PROVIDED DATA
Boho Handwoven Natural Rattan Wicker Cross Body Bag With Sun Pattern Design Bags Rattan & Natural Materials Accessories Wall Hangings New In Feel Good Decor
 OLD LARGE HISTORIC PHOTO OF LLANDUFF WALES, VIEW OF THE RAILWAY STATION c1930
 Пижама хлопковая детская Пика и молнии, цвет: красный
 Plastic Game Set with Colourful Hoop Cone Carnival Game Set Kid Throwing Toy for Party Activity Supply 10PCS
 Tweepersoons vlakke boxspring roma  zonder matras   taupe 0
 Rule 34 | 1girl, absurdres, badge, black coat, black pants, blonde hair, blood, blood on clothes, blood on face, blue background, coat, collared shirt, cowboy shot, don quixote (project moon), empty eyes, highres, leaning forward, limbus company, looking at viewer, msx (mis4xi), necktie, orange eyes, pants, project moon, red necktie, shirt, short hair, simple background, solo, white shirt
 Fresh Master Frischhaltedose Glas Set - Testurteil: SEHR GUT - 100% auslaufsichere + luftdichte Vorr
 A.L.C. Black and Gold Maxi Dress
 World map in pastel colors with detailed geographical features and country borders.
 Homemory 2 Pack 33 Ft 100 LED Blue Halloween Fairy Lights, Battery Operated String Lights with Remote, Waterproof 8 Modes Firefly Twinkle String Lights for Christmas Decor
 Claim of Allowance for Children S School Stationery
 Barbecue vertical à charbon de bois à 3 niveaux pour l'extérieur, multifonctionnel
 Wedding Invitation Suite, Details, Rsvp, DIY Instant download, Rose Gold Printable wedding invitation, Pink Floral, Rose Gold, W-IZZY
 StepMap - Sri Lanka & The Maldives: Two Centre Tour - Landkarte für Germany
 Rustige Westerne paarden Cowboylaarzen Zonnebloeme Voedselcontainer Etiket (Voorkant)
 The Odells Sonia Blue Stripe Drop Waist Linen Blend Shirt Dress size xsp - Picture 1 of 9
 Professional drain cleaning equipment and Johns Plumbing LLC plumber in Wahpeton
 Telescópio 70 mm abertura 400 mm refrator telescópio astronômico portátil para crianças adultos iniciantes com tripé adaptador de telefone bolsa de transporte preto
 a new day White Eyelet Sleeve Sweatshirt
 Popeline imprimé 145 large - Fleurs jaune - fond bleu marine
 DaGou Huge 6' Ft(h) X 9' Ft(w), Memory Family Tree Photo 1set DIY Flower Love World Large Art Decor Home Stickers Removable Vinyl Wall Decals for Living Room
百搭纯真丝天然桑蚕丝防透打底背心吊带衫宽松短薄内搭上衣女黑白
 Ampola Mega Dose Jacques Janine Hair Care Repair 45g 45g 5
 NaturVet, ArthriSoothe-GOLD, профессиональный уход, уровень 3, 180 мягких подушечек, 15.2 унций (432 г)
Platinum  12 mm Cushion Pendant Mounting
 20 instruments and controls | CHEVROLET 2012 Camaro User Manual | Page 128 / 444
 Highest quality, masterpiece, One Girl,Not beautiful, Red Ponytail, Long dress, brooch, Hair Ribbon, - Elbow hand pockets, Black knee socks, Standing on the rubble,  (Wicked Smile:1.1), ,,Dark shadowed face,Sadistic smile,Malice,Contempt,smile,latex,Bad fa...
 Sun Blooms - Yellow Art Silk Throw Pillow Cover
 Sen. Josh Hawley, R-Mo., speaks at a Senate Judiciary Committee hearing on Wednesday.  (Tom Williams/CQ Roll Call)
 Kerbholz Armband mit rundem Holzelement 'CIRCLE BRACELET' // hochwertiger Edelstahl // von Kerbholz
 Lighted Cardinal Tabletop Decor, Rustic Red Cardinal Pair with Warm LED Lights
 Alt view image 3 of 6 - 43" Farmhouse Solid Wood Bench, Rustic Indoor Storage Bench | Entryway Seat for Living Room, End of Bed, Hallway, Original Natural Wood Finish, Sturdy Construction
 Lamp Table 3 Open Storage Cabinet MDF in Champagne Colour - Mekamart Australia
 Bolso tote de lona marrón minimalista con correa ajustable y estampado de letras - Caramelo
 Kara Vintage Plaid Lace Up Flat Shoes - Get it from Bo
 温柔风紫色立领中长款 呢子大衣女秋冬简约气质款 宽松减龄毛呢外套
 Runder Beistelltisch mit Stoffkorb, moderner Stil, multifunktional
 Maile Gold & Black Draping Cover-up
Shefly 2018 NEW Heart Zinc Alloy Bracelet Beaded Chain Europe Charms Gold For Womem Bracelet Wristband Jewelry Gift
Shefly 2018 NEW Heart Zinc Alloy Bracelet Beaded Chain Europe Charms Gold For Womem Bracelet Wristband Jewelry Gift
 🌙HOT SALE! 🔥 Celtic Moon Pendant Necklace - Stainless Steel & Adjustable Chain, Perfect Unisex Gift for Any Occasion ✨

WHAT NEEDS TO BE DONE
Reproduce the records above exactly, from the first line through the line containing "Tweepersoons vlakke boxspring", and output nothing else.

WRITTEN RESPONSE
Boho Handwoven Natural Rattan Wicker Cross Body Bag With Sun Pattern Design Bags Rattan & Natural Materials Accessories Wall Hangings New In Feel Good Decor
 OLD LARGE HISTORIC PHOTO OF LLANDUFF WALES, VIEW OF THE RAILWAY STATION c1930
 Пижама хлопковая детская Пика и молнии, цвет: красный
 Plastic Game Set with Colourful Hoop Cone Carnival Game Set Kid Throwing Toy for Party Activity Supply 10PCS
 Tweepersoons vlakke boxspring roma  zonder matras   taupe 0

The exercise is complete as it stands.